Protecting Transgender Students

by Sean Philpott-Jones, Director of the Center for Bioethics and Clinical Leadership

Two nights ago, the Shenendehowa Board of Education voted 4 to 2 in favor of a new policy designed to protect the rights and safety of transgender students. High school students in the district will now be allowed to use bathrooms and locker rooms that correspond to their gender identity. The new policy also allows all students, regardless of sex or gender, to access single-user bathrooms and private changing areas.

Located just north of Albany, New York, Shenendehowa Central School District is now one of but a few districts nationwide that provide recognition and support to transgendered youth. Only California has passed a statewide law that allows transgender students to use bathroom and locker facilities that match their gender identities. While the New York City Board of Education released new guidelines in support of transgender students earlier this year – including a recommendation that students never be made to use a locker room or restroom that conflicts with their gender identity – these are only suggestions and not binding policies. Sadly, the New York State Board of Education has been largely silent on this issue.

The US Federal government has also been relatively quiet on the topic of transgendered youth. The US Department of Education’s Office for Civil Rights has stated that Title IX of the Education Amendments of 1972, which protects students from sex discrimination, also applies to transgender students. This allows transgendered students to file legal action in federal court should local authorities fail to protect them from discrimination and violence while at school. But the US Department of Education failed to provide specific examples of Title IX-prohibited discrimination or provide school districts with clear guidance on how to create trans-inclusive policies. Finally, the Obama Administration has been reluctant to push Congress to pass legislation that will protect transgendered youth, such as the Safe Schools Improvement Act and the Student Non-Discrimination Act.

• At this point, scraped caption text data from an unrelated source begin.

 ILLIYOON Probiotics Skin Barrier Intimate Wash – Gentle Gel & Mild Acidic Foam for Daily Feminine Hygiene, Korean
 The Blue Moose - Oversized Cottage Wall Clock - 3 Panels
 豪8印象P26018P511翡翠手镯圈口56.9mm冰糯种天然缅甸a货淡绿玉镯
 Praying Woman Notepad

Such laws and policies are desperately needed. Lesbian, gay, bisexual and transgendered (LGBT) youth are at increased risk of bullying, physical violence and sexual assault at school. In 2011, for instance, a survey conducted by the Gay, Lesbian & Straight Education Network (GLSEN) found more than half of LGBT youth report being harassed at school. For transgendered students in particular, however, the problem is much much worse.

The National Transgender Discrimination Survey, a study of over 6,000 people, found that transgender and gender-nonconforming students experienced very high rates of harassment (78 percent), physical violence (35 percent) and sexual assault (12 percent). Alarmingly, a third of this harassment and violence occurred at the hands of teachers, staff and school officials themselves. It should come as no surprise, therefore, that many transgendered students drop out of school. Still more report having suicidal thoughts, and a quarter have attempted to take their own lives.

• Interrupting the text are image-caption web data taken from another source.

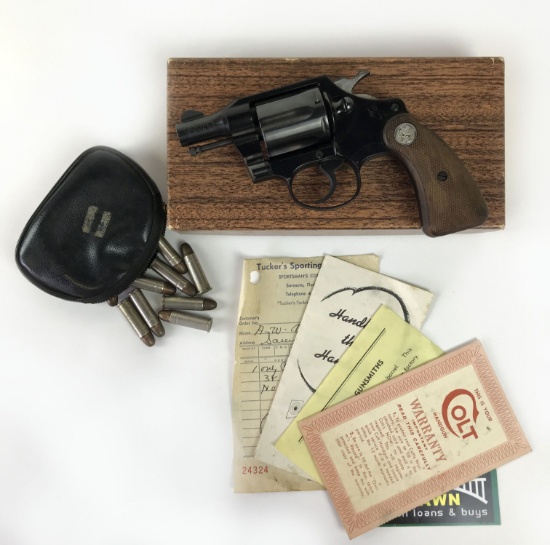 Colt 38 Special Cobra Revolver Firearm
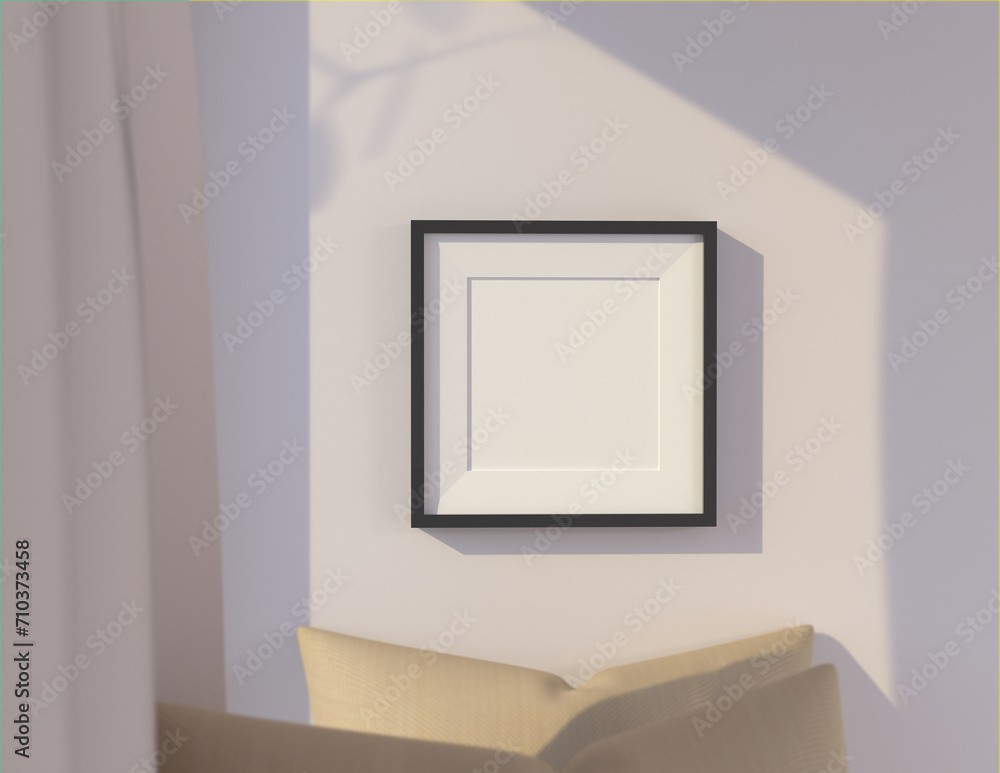 Poster a simple and convenient frame mock up file. picture frame mock up template.
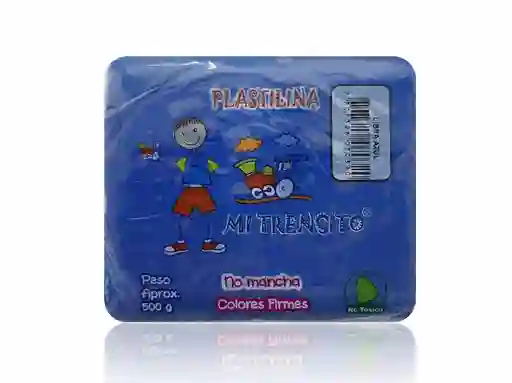 Plastilina En Barra Color Azul Oscuro 500 Gr Mi Trencito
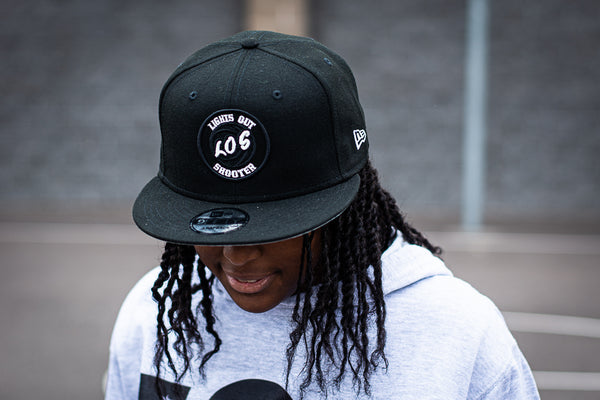 L.O.S Hat (Black and White) GLOW IN THE DARK Snapback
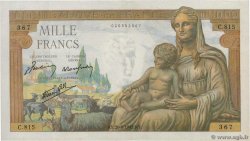 1000 Francs DÉESSE DÉMÉTER FRANCIA  1942 F.40.03 MBC+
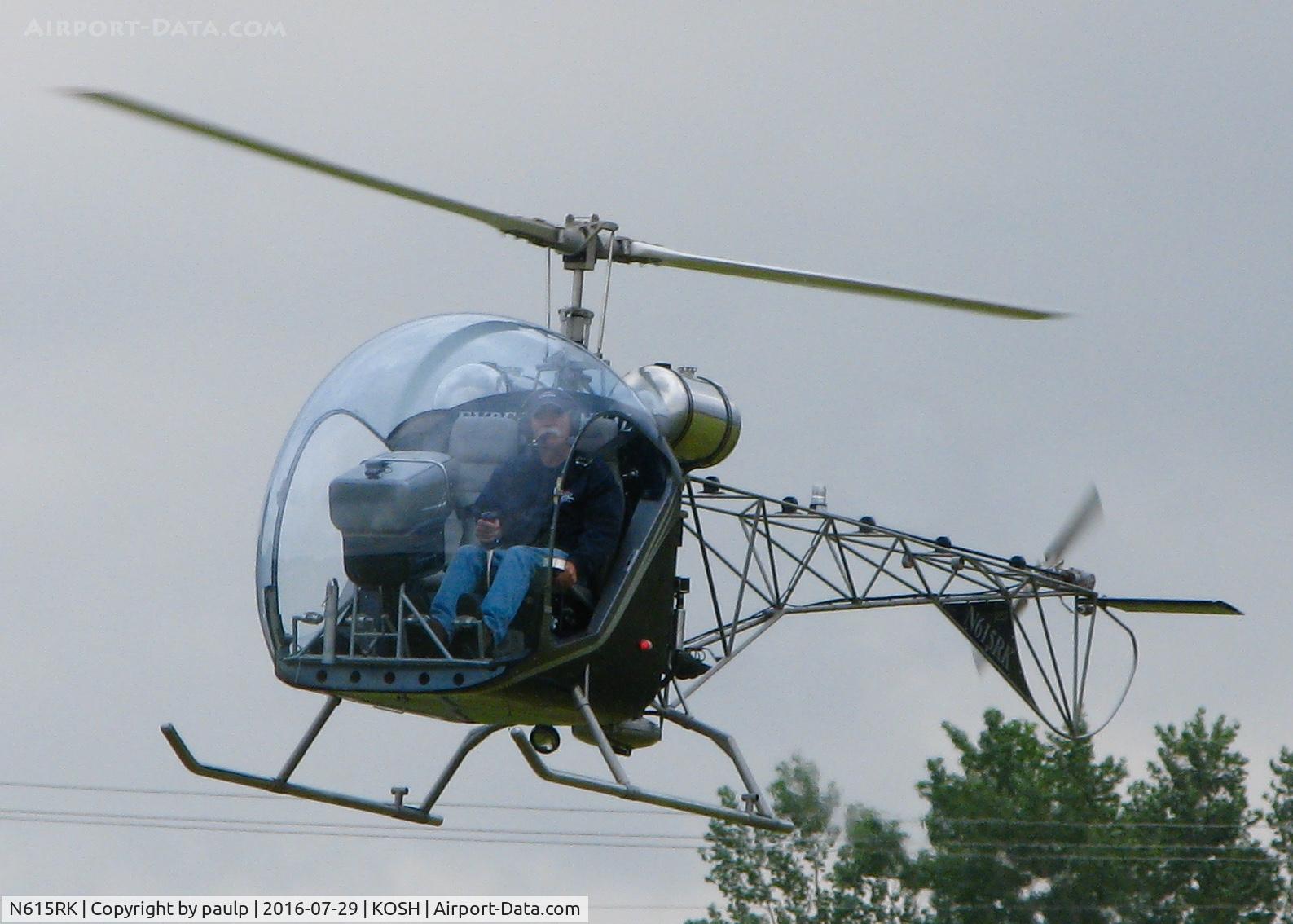 N615RK, 2014 Canadian Home Rotors Safari 400 C/N CH405, AirVenture 2016.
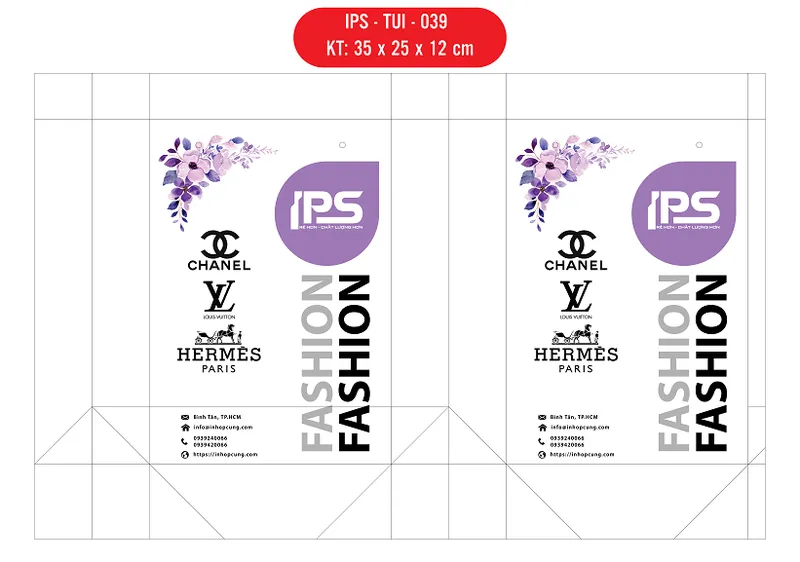 Sản phẩm IPS TUI 039 01 — Túi Giấy IPS - Công Ty TNHH Sản Xuất Thương Mại IPS — MST 0316719591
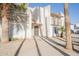 Condo building exterior showcasing entrance and landscaping at 3840 N 43Rd Ave # 58, Phoenix, AZ 85031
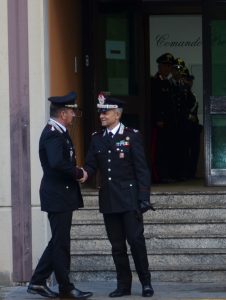 Varese, il Generale De Vita in visita al Comando provinciale dei Carabinieri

This is a tragedy of considerable proportion, one that can only be addressed by implementing and enforcing policies that prohibit discrimination on the basis of gender identity. That is what makes the recent vote by the Shenendehowa Board of Education so groundbreaking. But it is also what makes the acrimonious nature of the debate over this policy so disheartening.

When local news stations posted the story on their websites and Facebook pages, for example, a majority of the comments submitted online were in opposition to Shenendehowa’s new policy. Many people posted comments that made it clear that they did not understand the new policy. Others made rude statements that were based on ill-informed stereotypes of transgendered kids: that they are confused, that they need to see psychiatrists, that they should use the staff bathrooms, or that they are sexual predators who are only interested in seeing other children naked.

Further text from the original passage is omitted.